EXERCISE DATA

──────

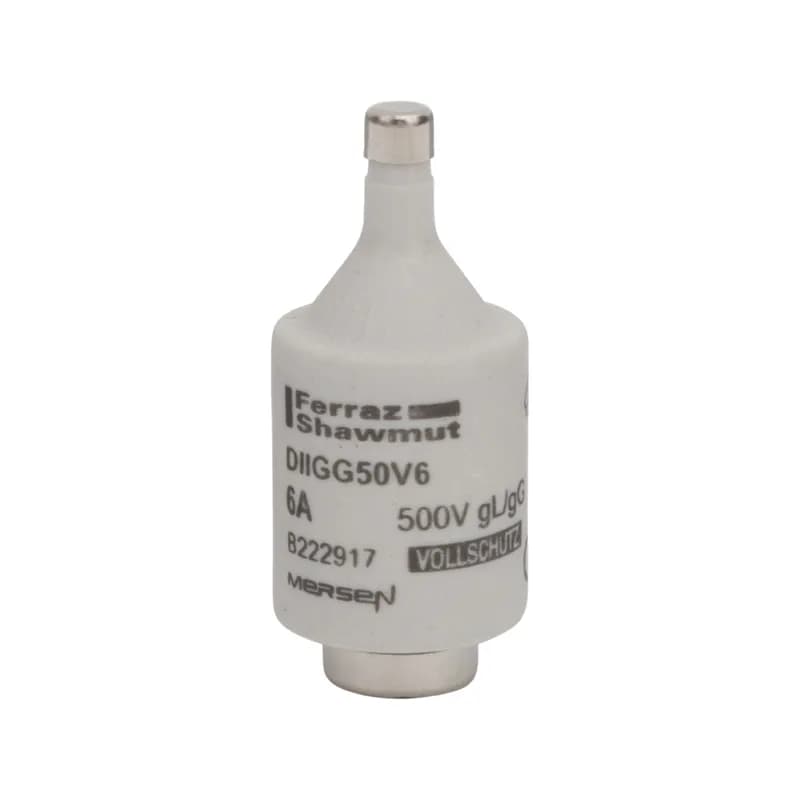 DIN D Fuse-link gG Size DII 500VAC 500VDC 6A Color code Green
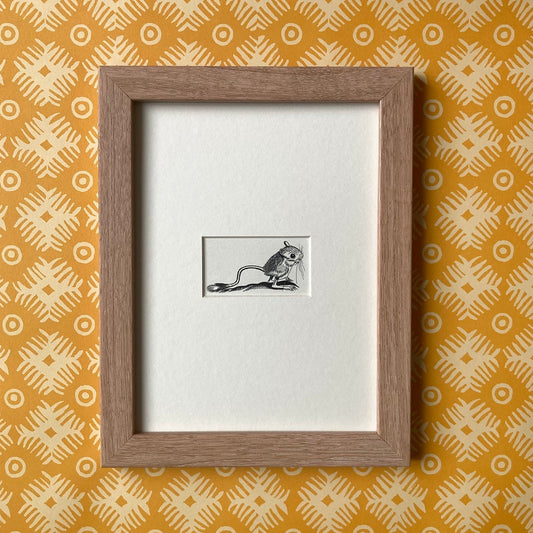1960s Jerboa Mounted Print ~ 8 x 6"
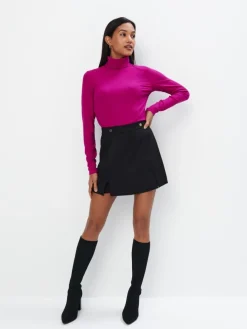 MOHITO Fuksjowa bluzka z golfem fuksjowy Fashion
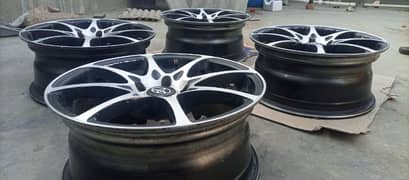 15 inch ALLOY RIMS 5 NUTTY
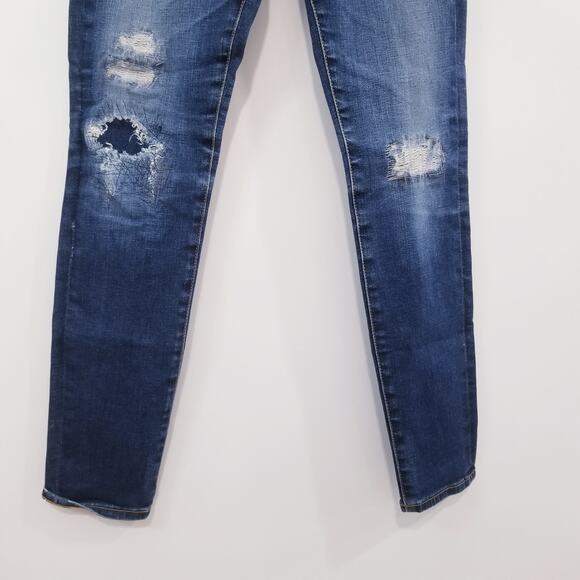 AG Adriano Goldschmied The Legging Ankle Patchwork Jeans - Picture 4 of 12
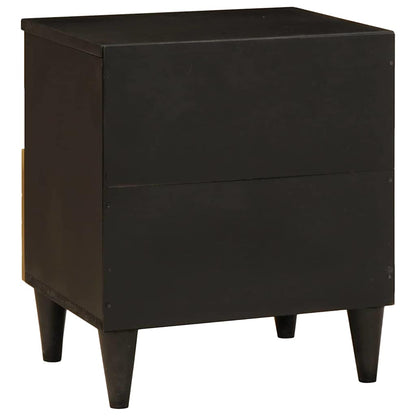 vidaXL Tables de chevet 2 pcs Noir et or 40 x 33 x 46 cm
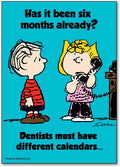 Six Month Calendar Postcard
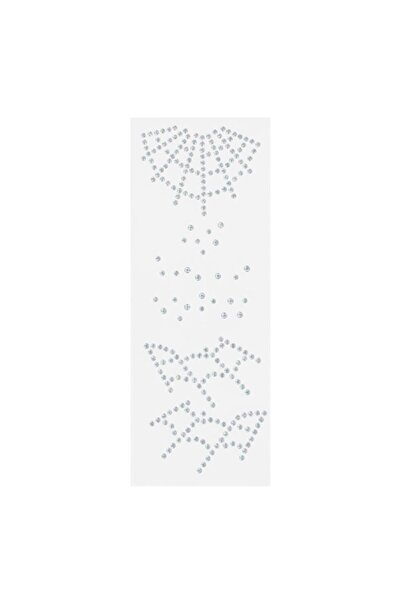 MYONNA IT & E- COMMERCE Spider Web Face Sticker with Rhinestones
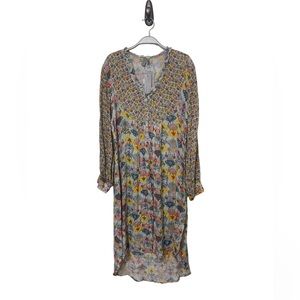 NWT Bl^nk London Bright Long Sleeve Ruffle Dress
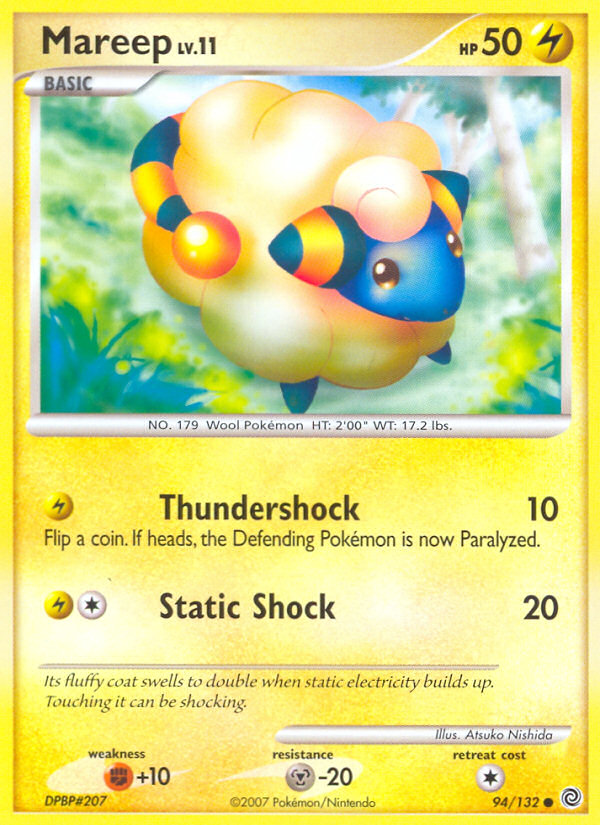 Mareep (94/132) [Diamond & Pearl: Secret Wonders] | Odin's Place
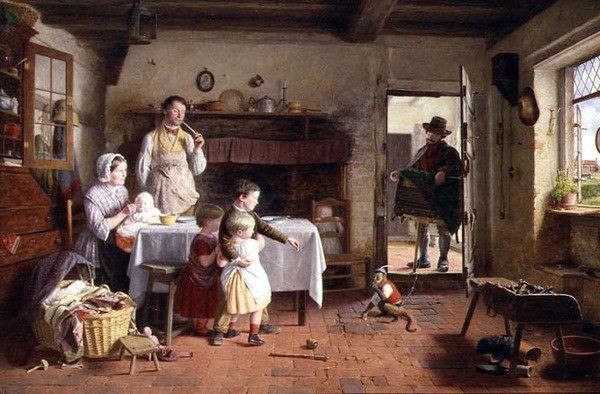 Gość zagraniczny autorstwa Frederick Daniel Hardy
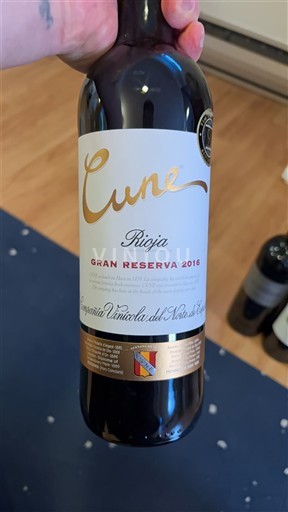 La Rioja Rioja Cune (Compañía Vinícola del Norte de España) Gran Reserva 2016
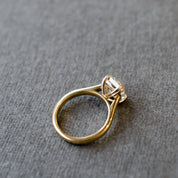 Cushion Cut Diamond Engagement Ring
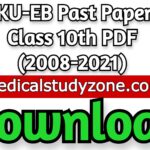 AKU-EB Past Papers Class 10th PDF (2008-2021) Free Download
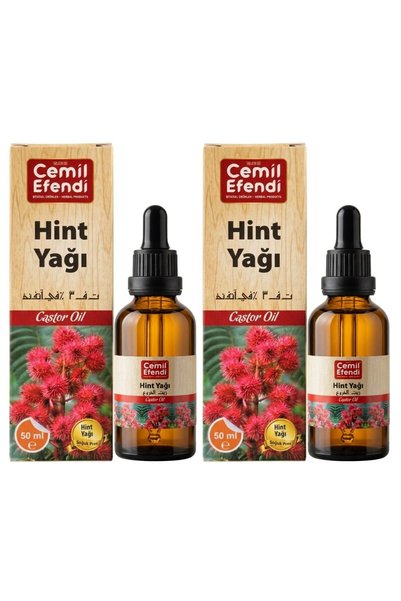 Cemilefendi Hint Yağı Soğuk Pres 2 Adet 50 Ml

──────

WHAT THE TASK ASKS
After locating the line with "Gość zagraniczny autorstwa", transcribe it and the rest of the data above exactly as written, without any picture.

TASK OUTPUT
 Gość zagraniczny autorstwa Frederick Daniel Hardy
 La Rioja Rioja Cune (Compañía Vinícola del Norte de España) Gran Reserva 2016
 Cushion Cut Diamond Engagement Ring
 AKU-EB Past Papers Class 10th PDF (2008-2021) Free Download
 Cemilefendi Hint Yağı Soğuk Pres 2 Adet 50 Ml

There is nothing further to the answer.